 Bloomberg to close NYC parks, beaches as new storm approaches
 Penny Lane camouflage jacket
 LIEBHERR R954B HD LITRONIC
---
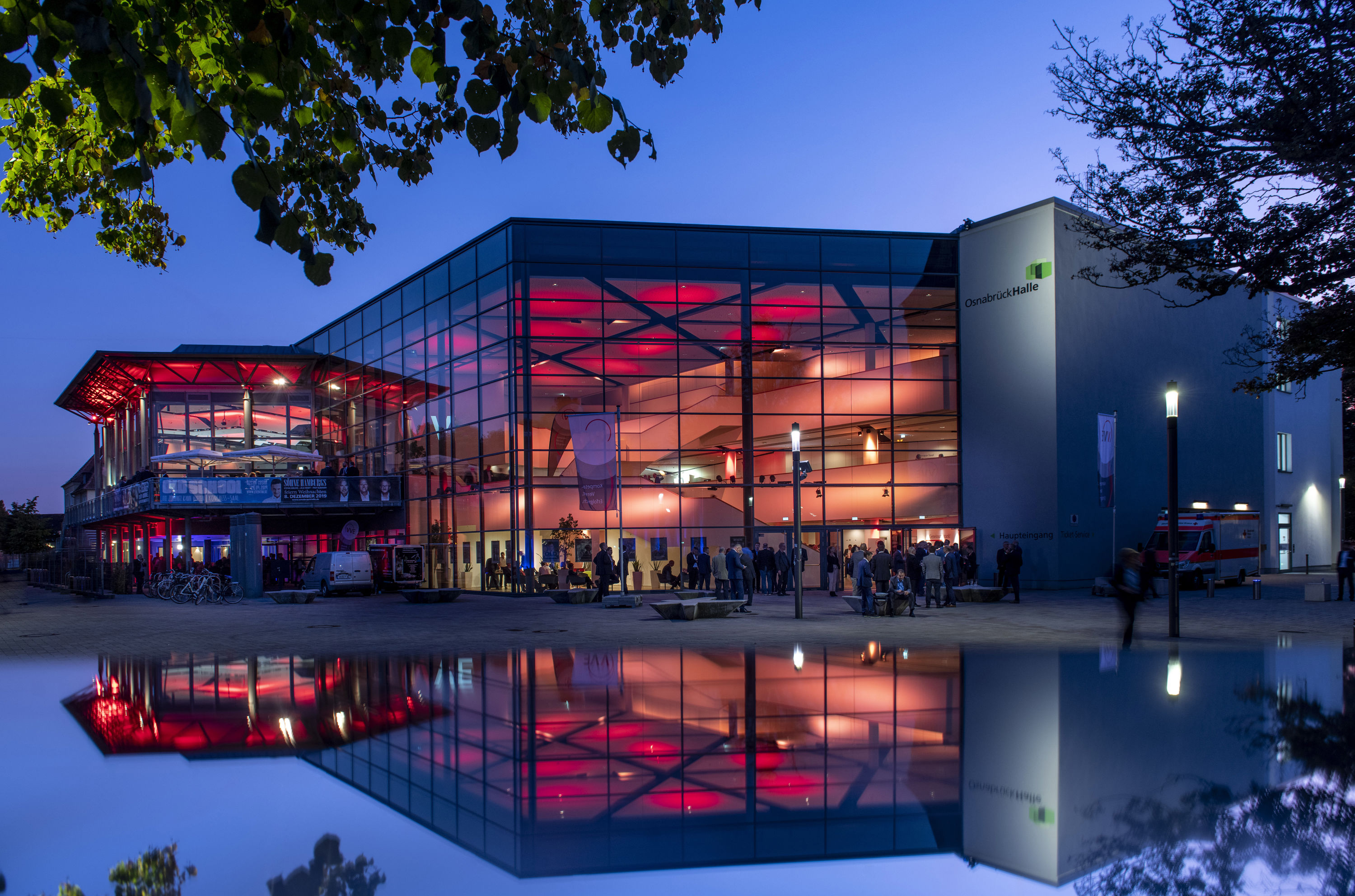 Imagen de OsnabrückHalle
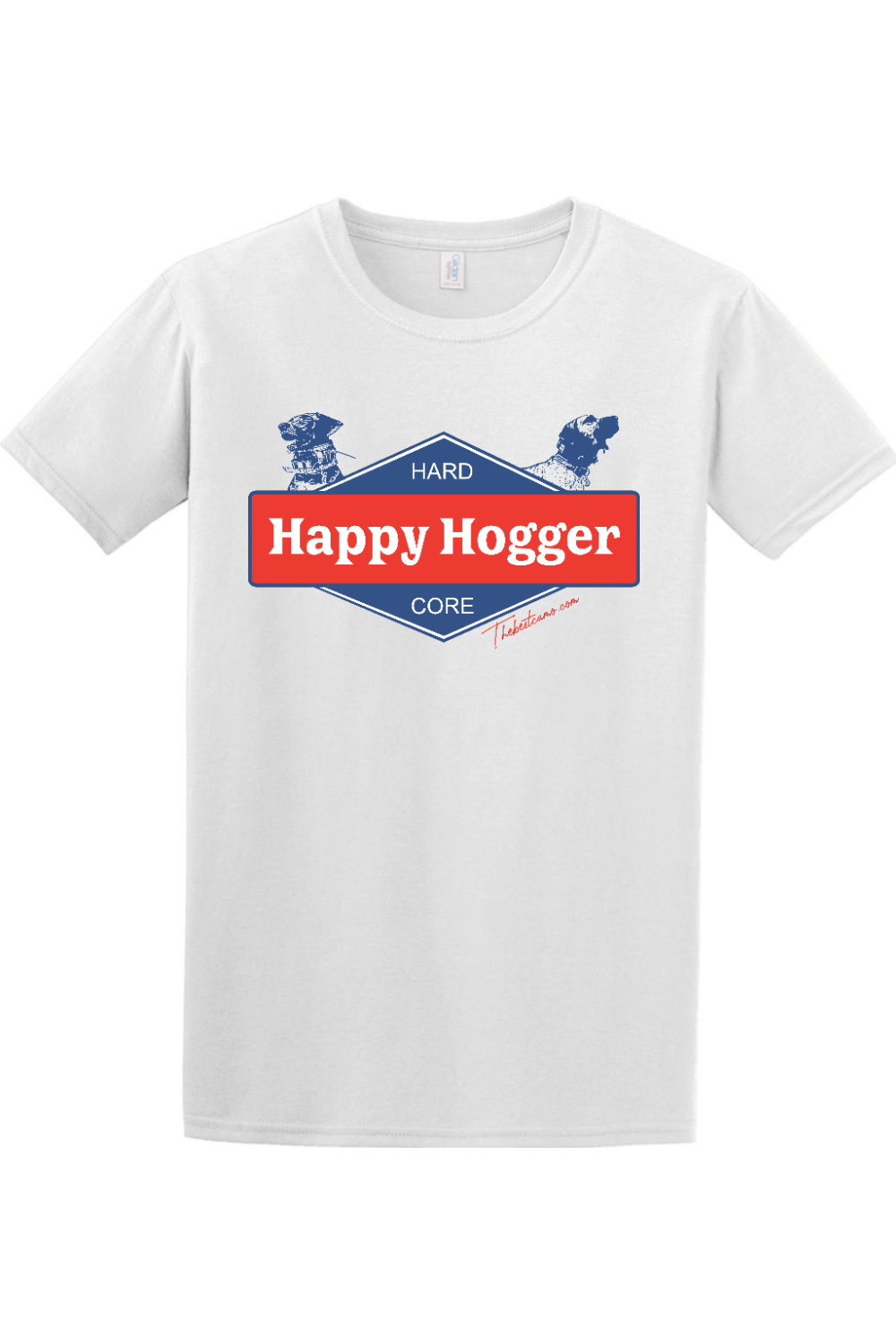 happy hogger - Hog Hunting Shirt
==
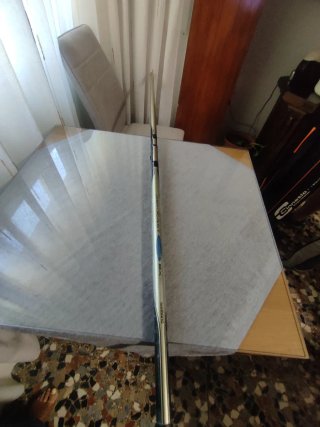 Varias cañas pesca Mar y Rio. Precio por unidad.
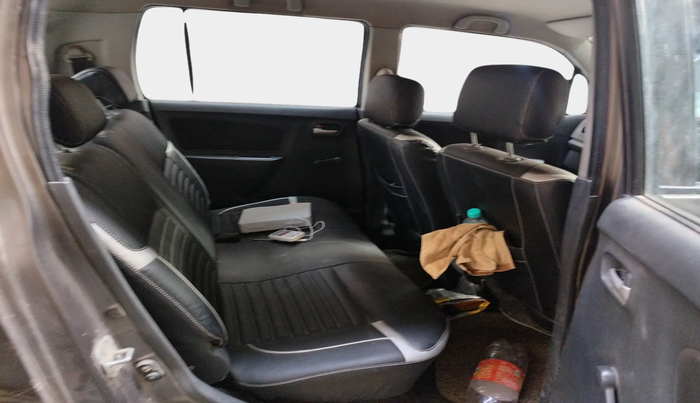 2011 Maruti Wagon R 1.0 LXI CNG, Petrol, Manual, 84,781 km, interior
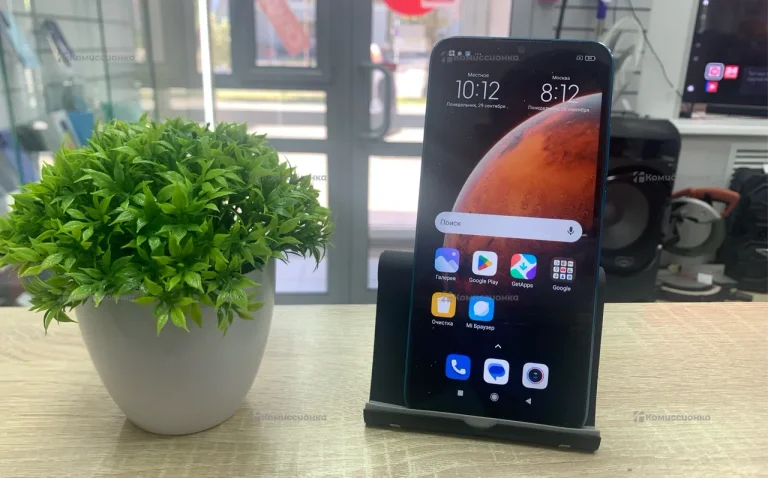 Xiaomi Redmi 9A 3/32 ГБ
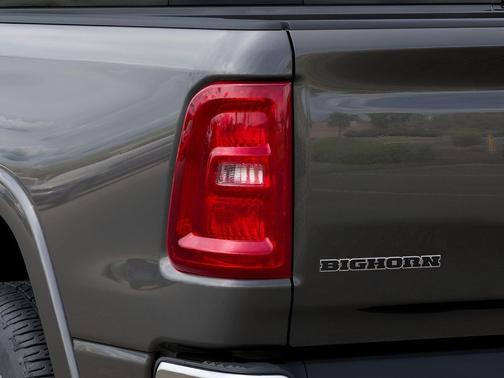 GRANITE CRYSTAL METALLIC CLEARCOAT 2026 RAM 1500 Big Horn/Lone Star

TASK BRIEF:
Reproduce exactly the lines above that run from the one with "Imagen de OsnabrückHalle" to the one with "happy hogger - Hog Hunting Shirt", both included, leaving pictures out.

EXERCISE SOLUTION:
 Imagen de OsnabrückHalle
 happy hogger - Hog Hunting Shirt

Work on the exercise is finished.